Her dam "Vegas" is a black and white pinto sired by Hunt House Farms Rogues Native. Rogues Native is a smokey black champion stallion by Glenns Southern Rogue, a Golden Palomino.

Glenns Southern Rogue and Glenns General Patton are 1/2 brothers, both sharing NFCs Husslers Star as their sire (who's bred from Komokos Little Hussler).

This is THUMBELINA most appropriately named for her itty bitty dainty tiny little package and she is definitely a KEEPER!!!!!
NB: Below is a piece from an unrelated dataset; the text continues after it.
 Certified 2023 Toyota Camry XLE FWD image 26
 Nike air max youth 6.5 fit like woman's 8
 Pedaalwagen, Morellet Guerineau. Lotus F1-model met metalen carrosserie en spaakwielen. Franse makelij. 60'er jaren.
thanks for looking at our babies


----------



## WhiteTailsMinis (Jun 9, 2010)

Okay, again I had more photos than allowed but I just have to share this fabulous head with couple more pics LOL


----------



## RockRiverTiff (Jun 9, 2010)

She's fabulous! Just how small is she?


----------



## HGFarm (Jun 9, 2010)

Congrats on your nice filly!!


----------



## WhiteTailsMinis (Jun 9, 2010)

RockRiverTiff said:


> She's fabulous! Just how small is she?


Her canon measurement was just under 6 3/4"
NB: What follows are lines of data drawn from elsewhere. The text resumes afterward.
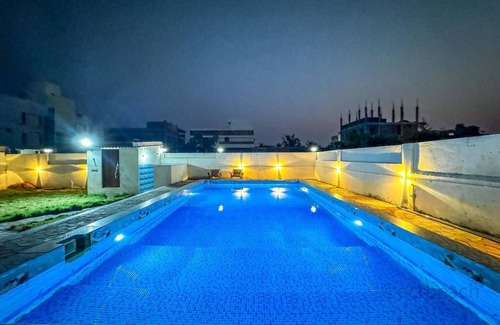 Kanathur Villa | Kovalam Club House Cool 4-bedroom villa with AC in vibrant Chennai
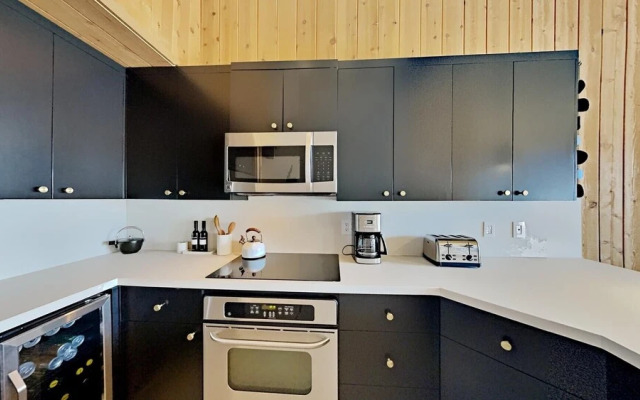 Beautifully remodeled 3 Bedroom Condo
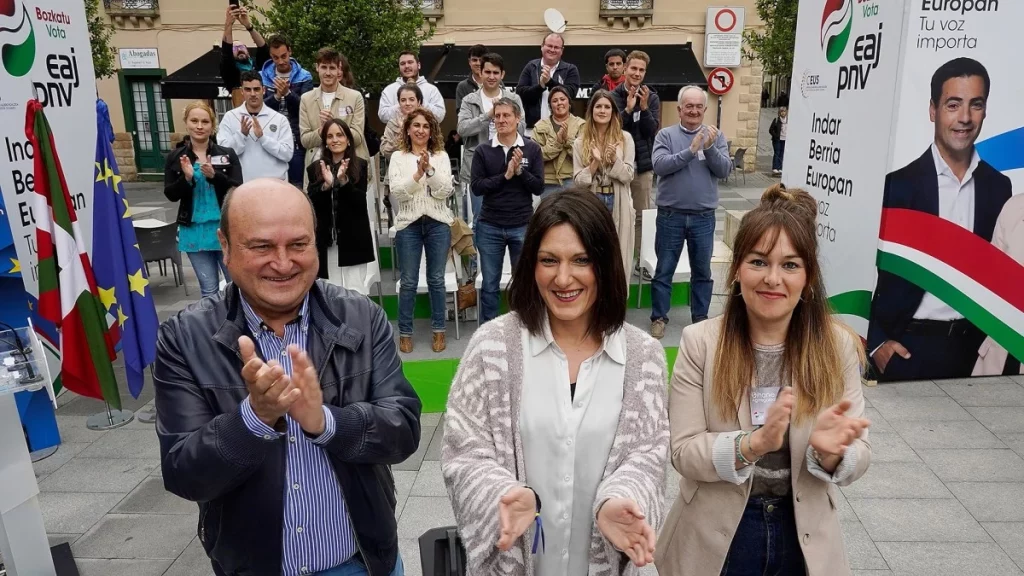 Ortuzar durante la campaña de las europeas.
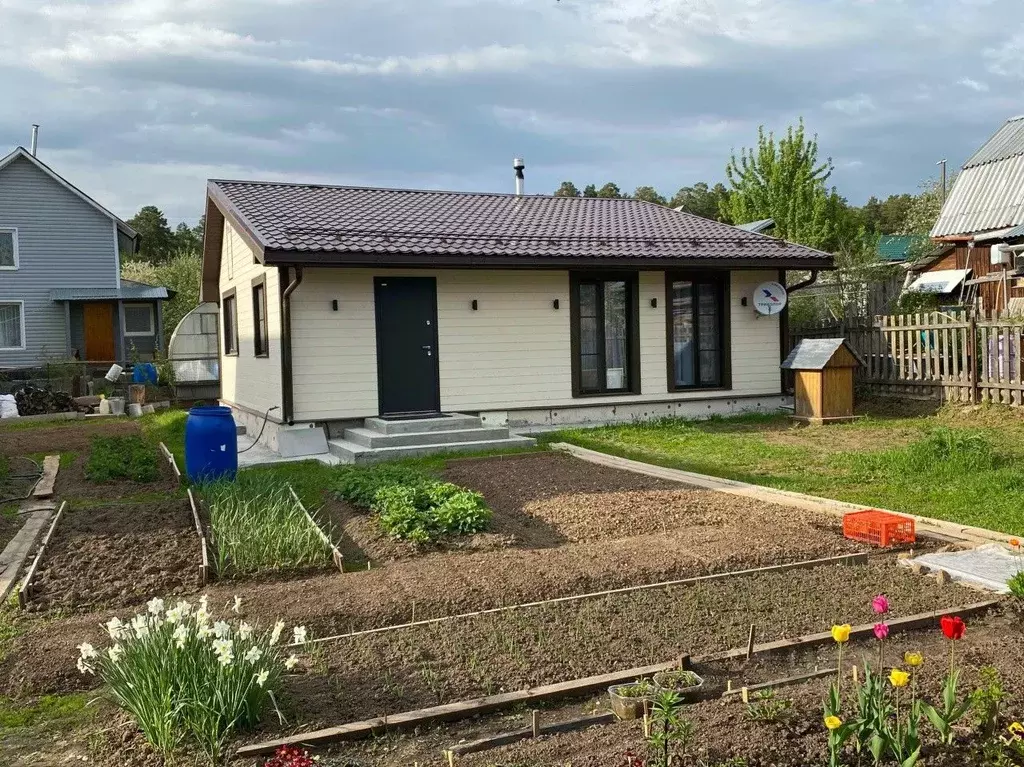 Дом в Свердловская область, Екатеринбург Кедр СНТ, 80 (62 м) - Фото 1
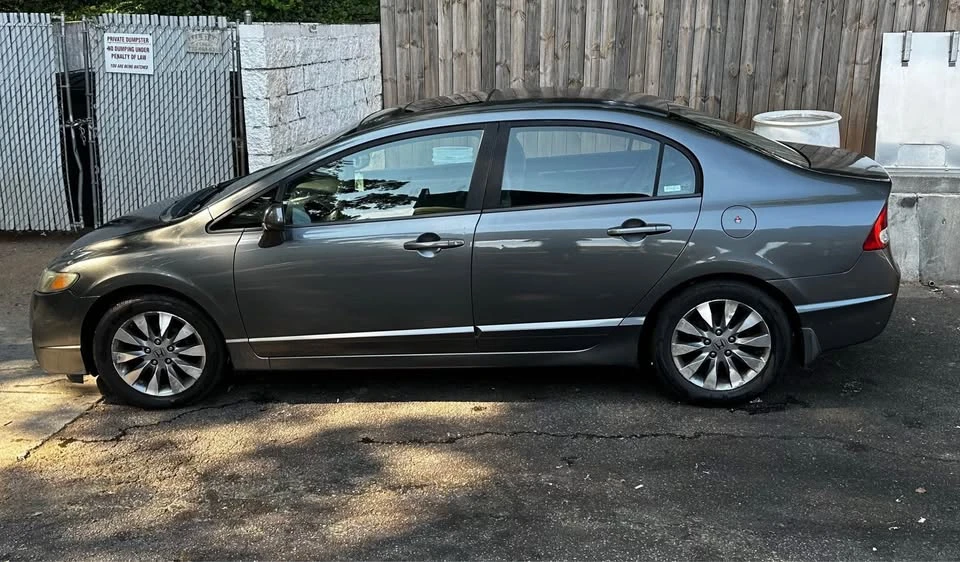 2009 Honda Civic 8th Gen - Image 2 of 9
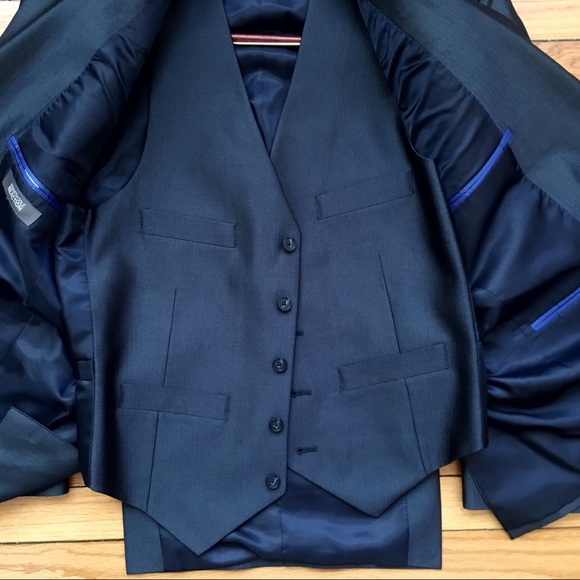 Other - Men’s Kenneth Cole Reaction 3 piece Suit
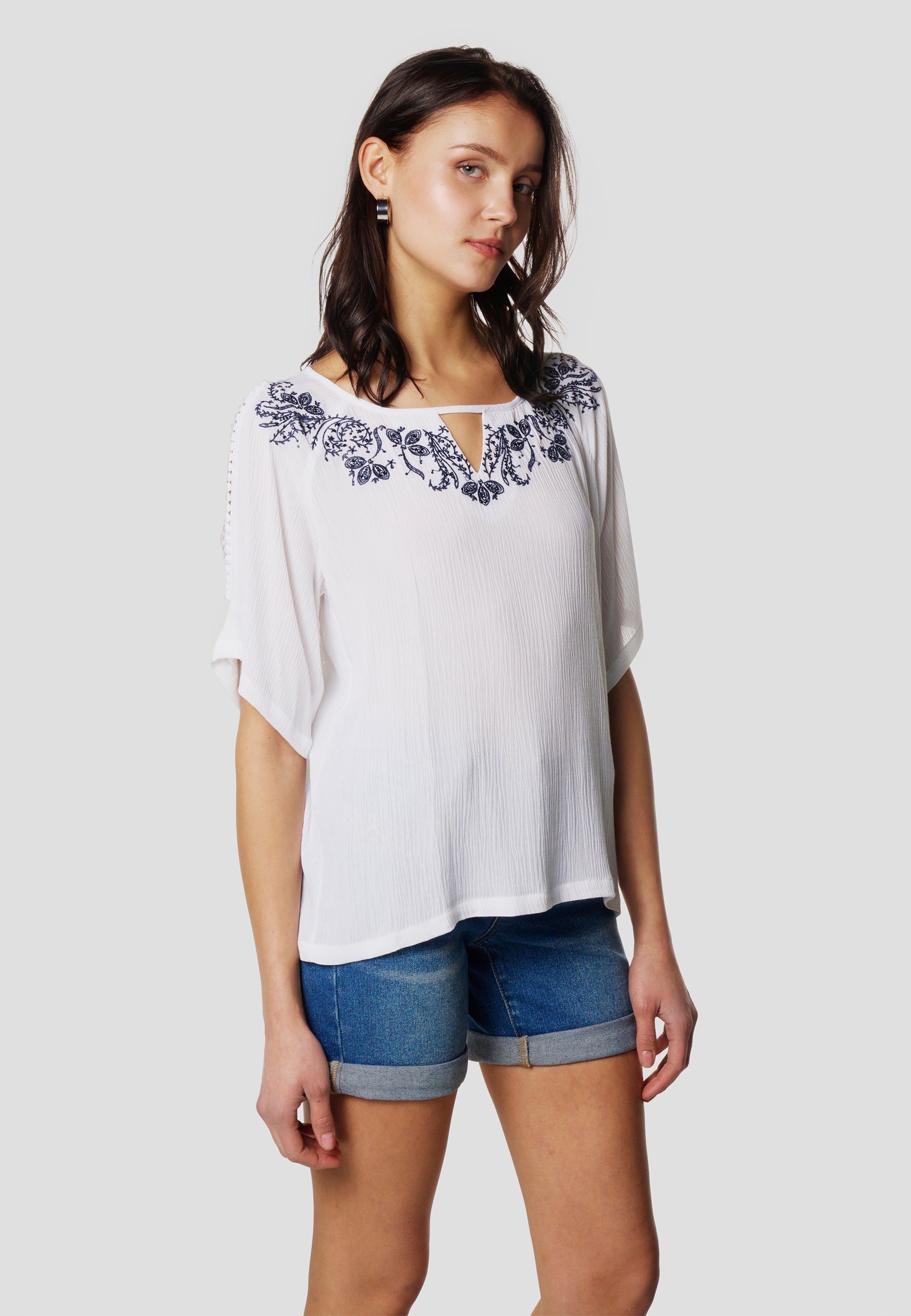 Blusa Mujer Manga Corta Escote con Bordado Floral – Koroshi 2612BL13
we should measure her again now and see what we have LOL


----------



## little lady (Jun 9, 2010)

She is toooo precious for words!!!



Please, please bombard us with pics!


----------



## Carolyn R (Jun 9, 2010)

As with all your babies, they are beautiful. You may not get the "excitement and turmoil topic" award, but you do get the cuteness one, LOL.


----------



## Tab (Jun 9, 2010)

She is gorgeous! Congratulations!!!


----------



## WhiteTailsMinis (Jun 9, 2010)

Carolyn R said:


> As with all your babies, they are beautiful. You may not get the "excitement and turmoil topic" award, but you do get the cuteness one, LOL.
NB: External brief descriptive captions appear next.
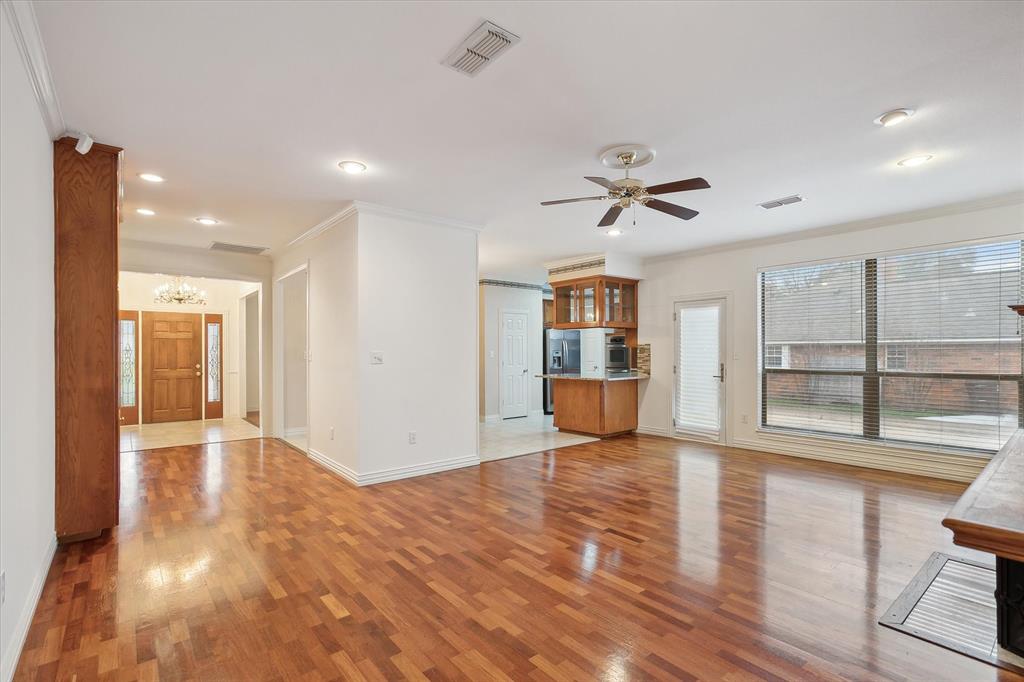 Denton, Texas, 76205, United States, 4 Bedrooms Bedrooms, ,4 BathroomsBathrooms,Residential,For Sale,1915796
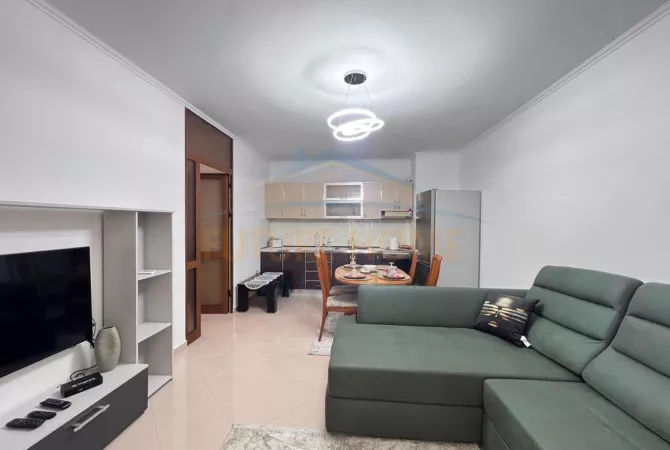 Shtepi me qera 2+1 ne Tirane - 780 Euro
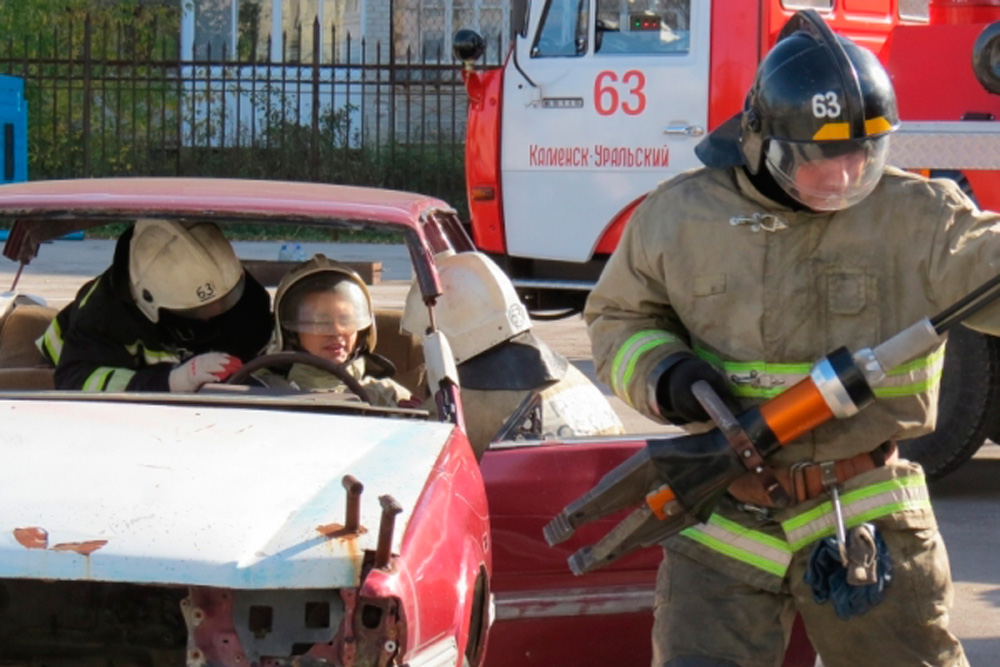 Спасатели гидравлическими ножницами срезали крышу машины, чтобы показать детям в Каменске-Уральском, как помогать пострадавшим в ДТП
LMAO - - right Carolyn! Those topics you describe always get locked just when I'm enjoying them so much! ha

Thanks everyone - appreciate the nice comments as always. We think we have a pretty nice foal crop this year and two stallions firsts so we're tickled to see what they presented. I guess we'll keep them huh? LOL

Nice to get others opinions too so we're not just biased because they are ours. LOL


----------



## Maple Hollow Farm (Jun 9, 2010)

She is gorgeous, I love her big Doe eyes!!!! She looks like she has plenty of attitude as well!


----------



## AnnaC (Jun 9, 2010)

Oh my! Oh my! She is just Cute with a capital C!!





Anna


----------



## Allure Ranch (Jun 9, 2010)

_She's a PRETTY filly.... and I love her name_


----------



## WhiteTailsMinis (Jun 9, 2010)

Allure Ranch said:


> _She's a PRETTY filly.... and I love her name_



LOL thanks - that's our barn name of course - first thing that came to mind when she first entered this big old world in her little package. Not sure that would be too fitting as an adult LOL So we're working on the official name ....


----------



## wrs (Jun 9, 2010)

Another very nice foal.


----------



## yankee_minis (Jun 10, 2010)

Very nice!


----------



## barnbum (Jun 10, 2010)

Oh my heart..... I so want to snuggle her.


----------



## Tony (Jun 11, 2010)

She really is beautiful. Congratulations.


----------



## Maxi'sMinis (Jun 15, 2010)

Oh what a precious baby, I love her head to Marlene.



Did I see her when I was there Saturday? There were so many beautiful babies I didn't know which way to look, lol.


----------



## ThreeCFarm (Jun 15, 2010)

Oh my...gorgeous head and I LOVE her eyes... VERY VERY nice filly!


----------



## bannerminis (Jun 15, 2010)

What a pretty pretty baby. She really has the prettiest little face


----------